This time the figure stirred, the head drooped in assent.
“Yes,” she said.
Again the circling arm tightened, and the man’s lips touched her own, again and again. The very repetition aroused her.
“And you will sail with me in ten days?”
Fully awake was Florence Baker now, fully conscious of all that had happened and was happening.
“Yes,” she said. “The sooner the better. I want to have it over with.” A moment longer she sat still as death; then suddenly the mood of apathy departed, and in infinite weakness, infinite pathos, the dark head buried itself on the man’s shoulder. “Promise me,” she pleaded brokenly, “that you will be kind to me! Promise me that you always will be kind!”
CHAPTER XXVI
LOVE’S SURRENDER
Scotty Baker was not an adept at concealing his emotions, and he stared in unqualified surprise at the long figure in brown which of a sudden intruded into his range of vision. The morning paper upon his knees fluttered unnoticed to the floor of the porch.
“Ben Blair, by all that’s good and proper!” he exclaimed to the man who, without a look to either side, turned up the short walk. “Where in heaven’s name did you come from? I supposed you’d gone home a week ago.”
Blair stopped at the steps, and deliberately wiped the perspiration from his face.
“You were misinformed about my going,” he explained. “I changed hotels, that was all.”
Scotty stared harder than before.
“But why?” he groped. “I inquired of the clerk, and he said you had gone by an afternoon train. I don’t see—”
Ben mounted the steps and took a chair opposite the Englishman.
“If you will excuse me,” he said, “I would rather not go into details. The fact’s enough—I am still here. Besides—pardon me—I did not call to be questioned, but to question. You remember the last time I saw you?”
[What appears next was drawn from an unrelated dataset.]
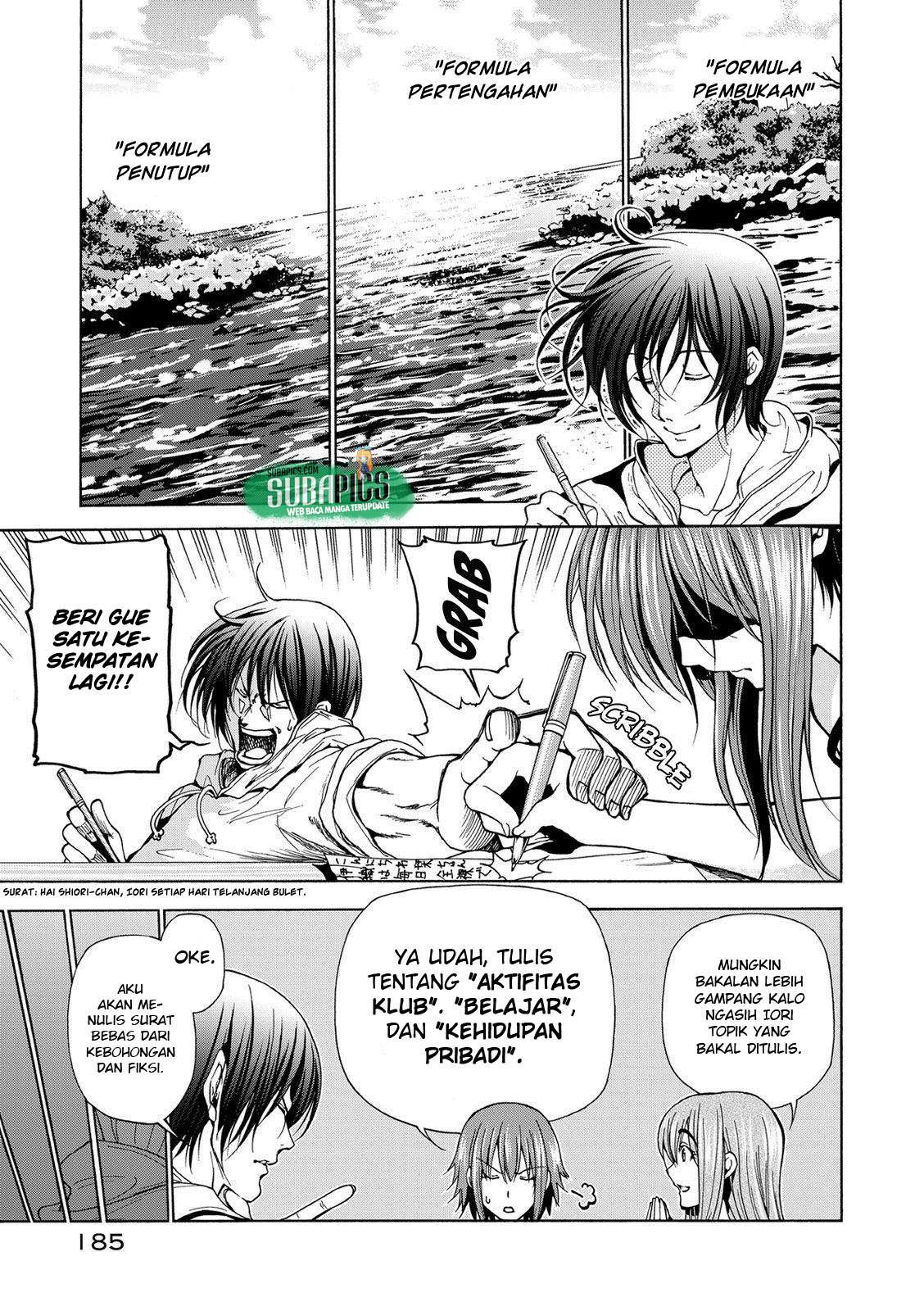 Grand Blue Chapter 25.5 Gambar 8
Scotty nodded an affirmative. He had a premonition that the unexpected was about to happen.
“Yes,” he said.
Ben lit a cigar. “You remember, then, that you made me a certain promise?”
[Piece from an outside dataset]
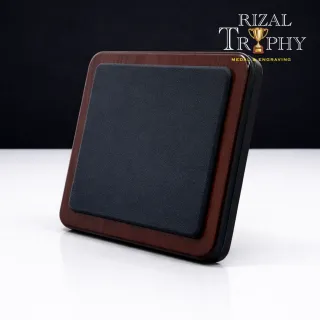 Trophy Plaque - Rizal Trophy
Scotty threw one leg over the other restlessly. “Yes, I remember,” he repeated.
The visitor eyed him keenly. “I would like to know if you kept it,” he said.
Scotty felt the seat of his chair growing even more uncomfortable than before, and he cast about for an avenue of escape. One presented itself.
“Is that what you stayed to find out?” he questioned in his turn.
Ben blew out a cloud of smoke, and then another.
“No, not the main reason. But that has nothing to do with the subject. I have a right to ask the question. Did you or did you not keep your promise?”
The Englishman’s first impulse was to refuse point-blank to answer; then, on second thought, he decided that such a course would be unwise. The other really did have a right to ask.